Ingredients

  • 3 1/2 to 4 pounds assorted cut-up chicken pieces
  • 1 teaspoon kosher salt
  • 2 tablespoons extra-virgin olive oil
  • 2 tablespoons butter
  • 3 plump garlic cloves, peeled
  • 2 bay leaves, preferably fresh
  • 1 cup brine-cured green Italian olives or oil-cured black Italian olives
  • 1/2 cup white wine
  • 1/4 cup toasted pine nuts
  • A 12-inch cast-iron or other heavy skillet or saute pan, with a cover; an olive pitter

Method

  • Rinse the chicken pieces, and pat dry with paper towels.
  • Trim off excess skin and all visible fat.
  • Cut drumsticks off the thighs; cut breast halves into two pieces each.
  • Season the chicken all over with the salt.
  • Put the olive oil and butter in the pan, and set over medium-low heat.
  • When the butter is melted and hot, lay in the chicken pieces, skin side down, in a single layer; drop the garlic cloves and bay leaves in the spaces between them.
  • Cover the pan, and let the chicken cook over gentle heat, browning slowly and releasing its fat and juices.
  • After about 10 minutes, uncover the pan, turn the pieces, and move them around the pan to cook evenly, then replace the cover.
  • Turn again in 10 minutes or so, and continue cooking covered.
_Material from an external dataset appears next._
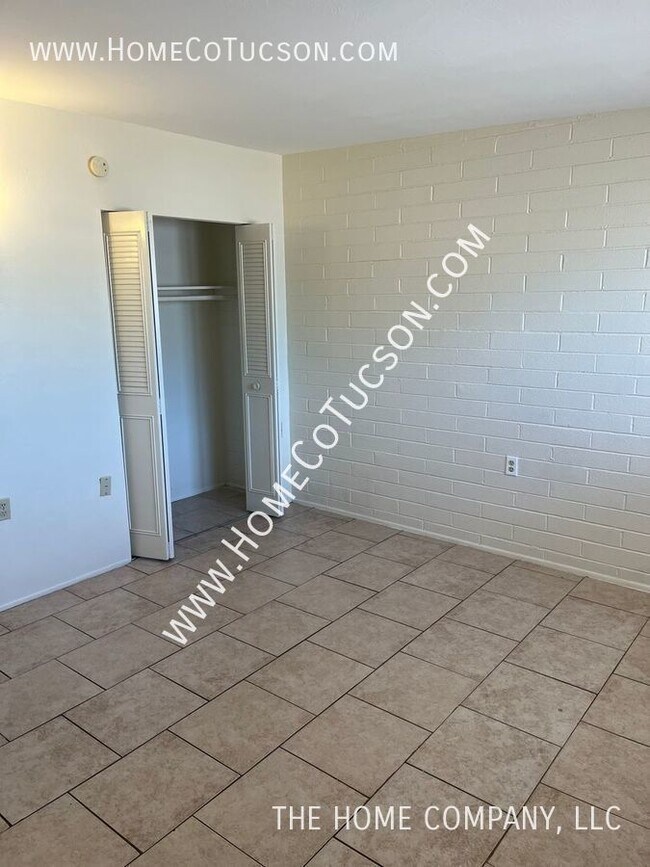 Building Photo - 4917 S Cherry Ave Lots of Room -  2 bedroo...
  • While the chicken is browning, pit the olives (if they still have pits in them).
  • If youre using small olives like Castelvetrano, use a pitter and keep them whole.
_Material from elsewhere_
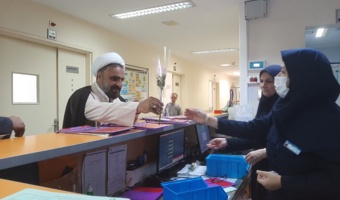 قدردانی رئیس دانشکدگان فارابی دانشگاه تهران از کادر درمان بیمارستان شهید بهشتی قم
  • If you have larger olives (such as Ascolane or Cerignola), smash them with the blade of a chefs knife to remove the pits, and break them into coarse chunks.
  • After the chicken has cooked for 30 minutes, scatter the olives onto the pan bottom, around the chicken, and pour in the wine.
  • Raise the heat so the liquid is bubbling, cover, and cook, gradually concentrating the juices, for about 5 minutes.
  • Remove the lid, and cook uncovered, evaporating the pan juices, occasionally turning the chicken pieces and olives.
  • If there is a lot of fat in the bottom of the pan, tilt the skillet and spoon off the fat from one side.
  • Scatter the pine nuts around the chicken, and continue cooking uncovered, turning the chicken over gently until the pan juices thicken and coat the meat like a glaze.
  • Turn off the heat, and serve the chicken right from the skillet, or heap the pieces on a platter or in a shallow serving bowl.
  • Spoon out any sauce and pine nuts left in the pan, and drizzle over the chicken.
  • Ascolane olives were a delicacy even in Roman times.
  • The elder Pliny praised the excellence of picenae (as they were then called), and there is documentation in old records of the practice of removing the pits from these delicious olives.
  • The hollow cores of these big olives were undoubtedly stuffed in many ways over the centuries, but the most celebrated is the traditional olive allAscolana (invented about 200 years ago), in which the olives are stuffed with chopped meat and herbs, then breaded and fried.